I offer “artwork” to a select number of images in most of my packages as well as additional artwork as an a la carte option. When I tell clients they get, lets say 3, images of artwork included in their package, this can often cause confusion. Often people think that they are only getting 3 final images, which is certainly not the case. Most of my packages allow access and rights to reproduce all of the final images of the shoot.
To help people understand the process a little better I have outlined the stages I go through here:
1) Shoot. I try to get my subjects to look their best straight out of camera through use of lighting and framing.
2) Cull the images. This means I will be taking out pictures where people are blinking, the flash didn’t go off, or a giant bug stole my cameras focus… whatever it is that makes the photo not good.
3) Edit. All of my “before” images on this blog are edited. That means they are adjusted for color balance, exposure, saturation, sharpness, etc… All of my clients collection consists of edited photos. From there, they pick their favorites to get a little extra love.
4) “Artwork” or retouching. This typically means I will be brightening the eyes, smoothing the skin, removing stray hairs, transplanting kids faces and doing all sorts of things with Photoshop that my editing program cant do. This is labor intensive work and not practical to do to every image of the shoot, especially when there are several in a row that are very similar. Often clients have a handful of images that they really love, and I take that handful and make them extra amazing.
The following 4 images are from a shoot I did for a belly dancer at sunrise on Lanikai Beach. While the original images look great, I used a little bit of artwork to pump it up a bit more. I was able to enhance the saturation a bit more. I removed some darkness under her eyes, brightened up her eyes, smoothed the shadows of her skin along with the texture of it. I removed some items that were on the sand, as well as enhanced the shape her body was taking to make it have a little bit more of an s shape, therefore giving the image a little bit more interest. You can tell that the original image looks a little bit more dull than the second image. That is the extra little “pop” that you can get through Photoshop.

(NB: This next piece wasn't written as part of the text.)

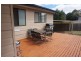 4 Caoura Crescent, Goulburn NSW 2580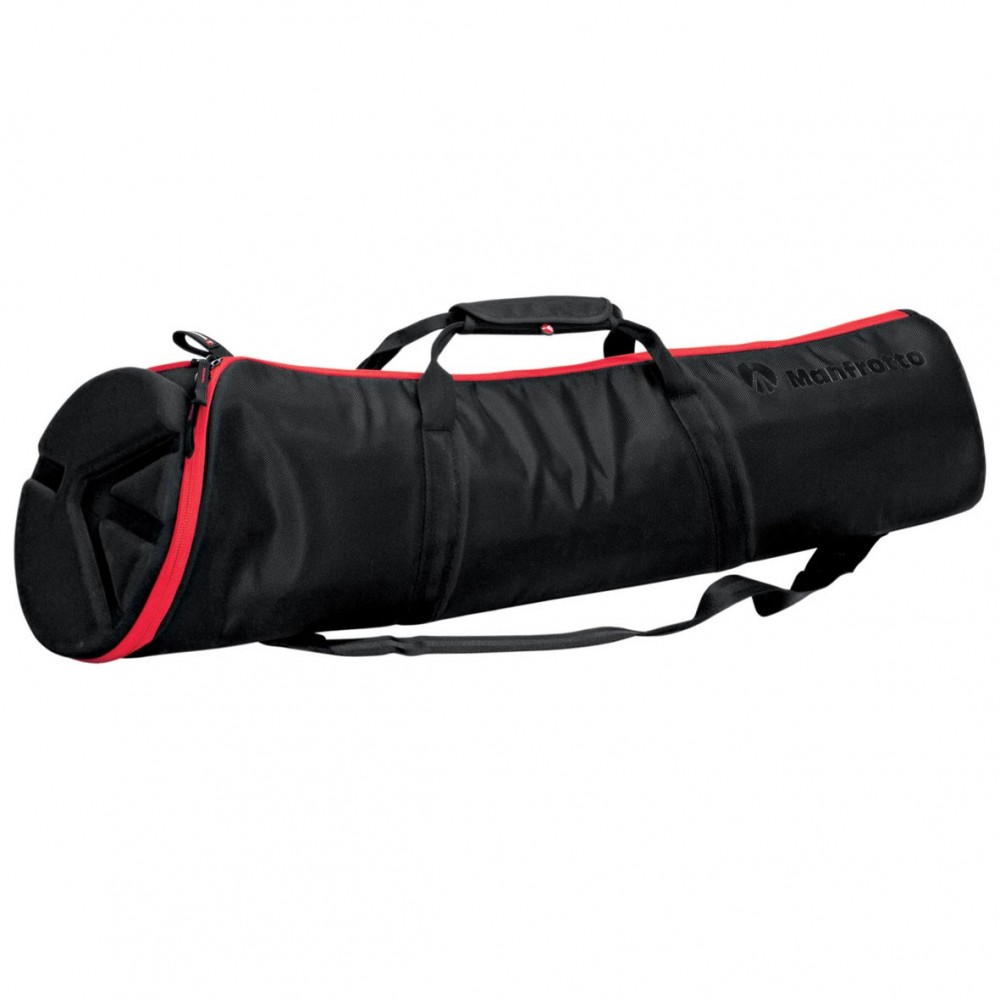 100 cm schaumstoffgefütterte Tasche Manfrotto -  1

This next model was shot at Makapu’u beach towards sunset. It was a last minute shoot and we got there when the sun had already set over the mountains which means there was less ambient light. I still wanted to get a soft look to her pictures so I didn’t use flash. You can see that she has some under eye darkness, and the highlights in her eyes are somewhat dim. I used photoshop to brighten up under and in her eyes bringing out the gorgeous green hues that were subdued in the original shot. This model was going for more of a sports illustrated type of look so I removed her smile lines, smoothed any wrinkles, and pumped up her hair to look like a lions mane.
The next few shots I wanted to keep a more natural look. This particular shot was taken around sunset in KoOlina, Oahu. I was using a gold reflector to give the image a warm yummy glow and lighten up everyone’s faces. The problem I have with the picture is that some of the shadows of there face got a little too gold. Using artwork, I was able to go in and lighten up as well as slightly desaturate the shadows under their cheeks and eyes. I also brightened their eyes and teeth. They already had great complexions and really didn’t need too much done, but just the simple act of lighting those shadows on their faces made a big difference.
I hope this answers most of your questions as to what artwork is. Mahalo!